The task:
Retype the line with "Subiendo de rango" exactly. Then retype every line after it through the end of the entries below, and nothing more, leaving out pictures.

=== Section Start ===

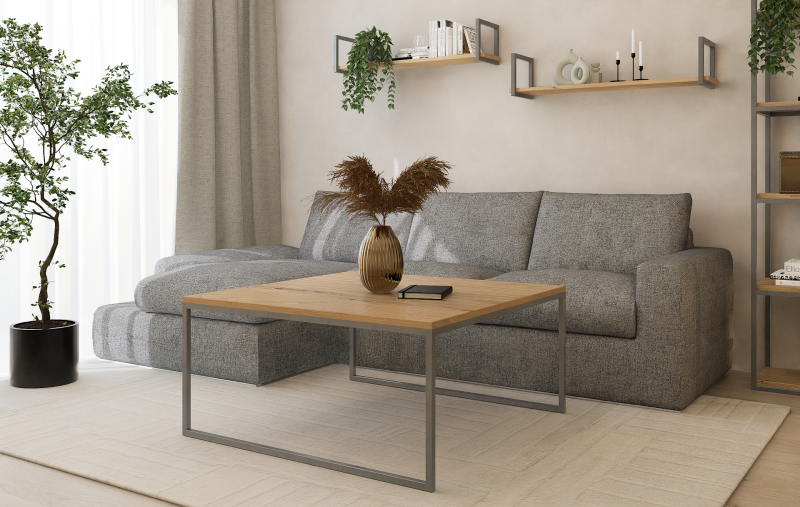 STOLIK KAWOWY 100X100 dąb-stal 2.png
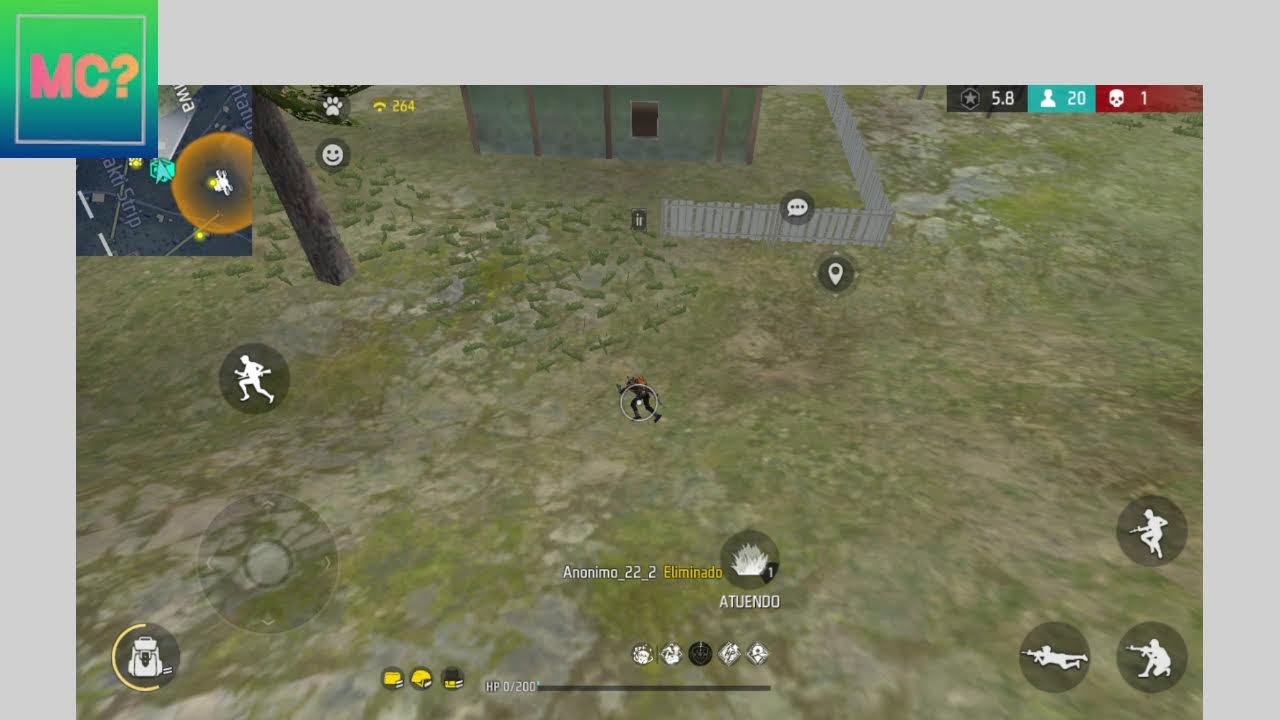 Subiendo de rango en FreeFire #freefire #videojuegos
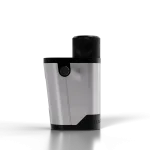 Harrier DNA by Early Bird - Raw Silver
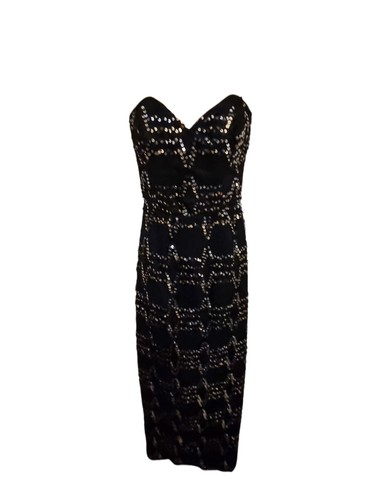 Bernshaw 1980s vintage dress - bernshaw,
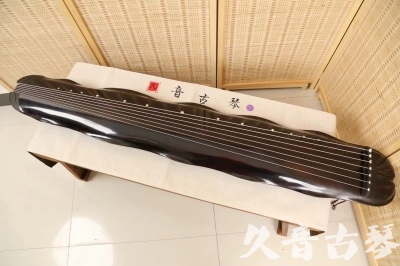 吉林省●久音古琴  ●今日推荐 20240724 [收藏级蕉叶式]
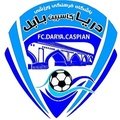 Escudo del Darya Caspian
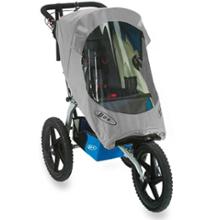 BOB Sport Utility / Ironman Weather Shield - Single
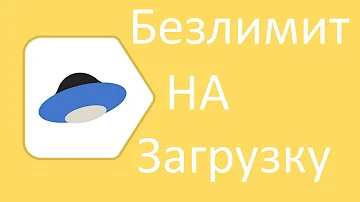 Как работает Безлимит на Яндекс Диске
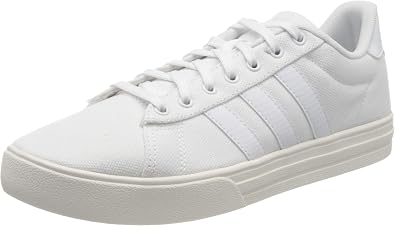adidas Men's Daily 2.0 Denim Sneakers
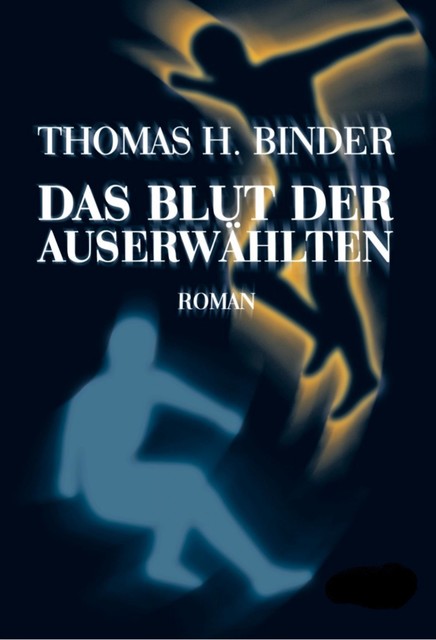 Das Blut der Auserwählten, Thomas Binder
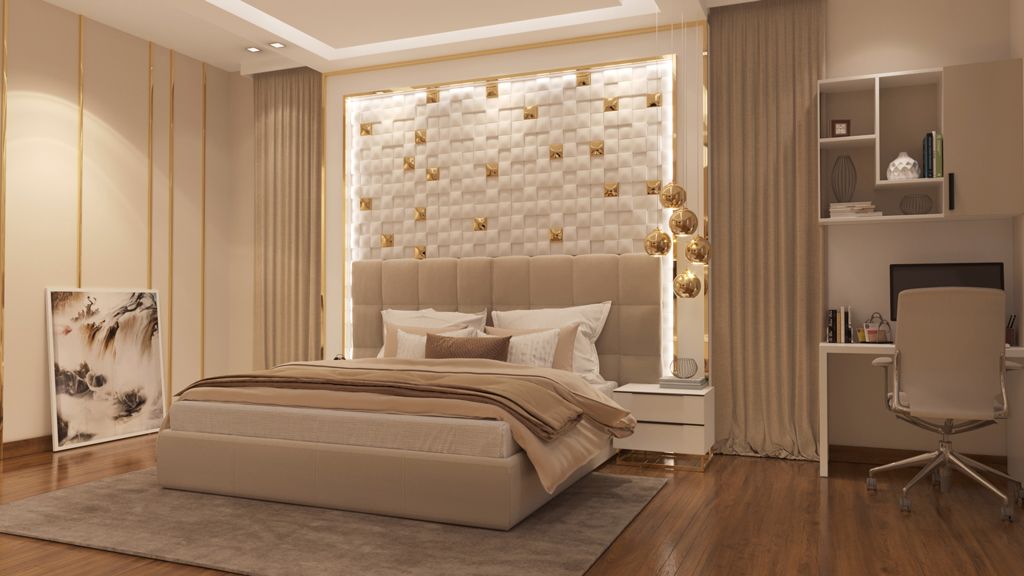 best home interior designers in Bangalore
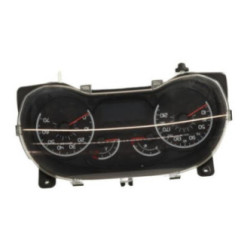 Compteur FIAT DOBLO 2 Photo n°5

=== Section End ===

Exercise output:
 Subiendo de rango en FreeFire #freefire #videojuegos
 Harrier DNA by Early Bird - Raw Silver
 Bernshaw 1980s vintage dress - bernshaw,
 吉林省●久音古琴  ●今日推荐 20240724 [收藏级蕉叶式]
 Escudo del Darya Caspian
 BOB Sport Utility / Ironman Weather Shield - Single
 Как работает Безлимит на Яндекс Диске
adidas Men's Daily 2.0 Denim Sneakers
 Das Blut der Auserwählten, Thomas Binder
 best home interior designers in Bangalore
 Compteur FIAT DOBLO 2 Photo n°5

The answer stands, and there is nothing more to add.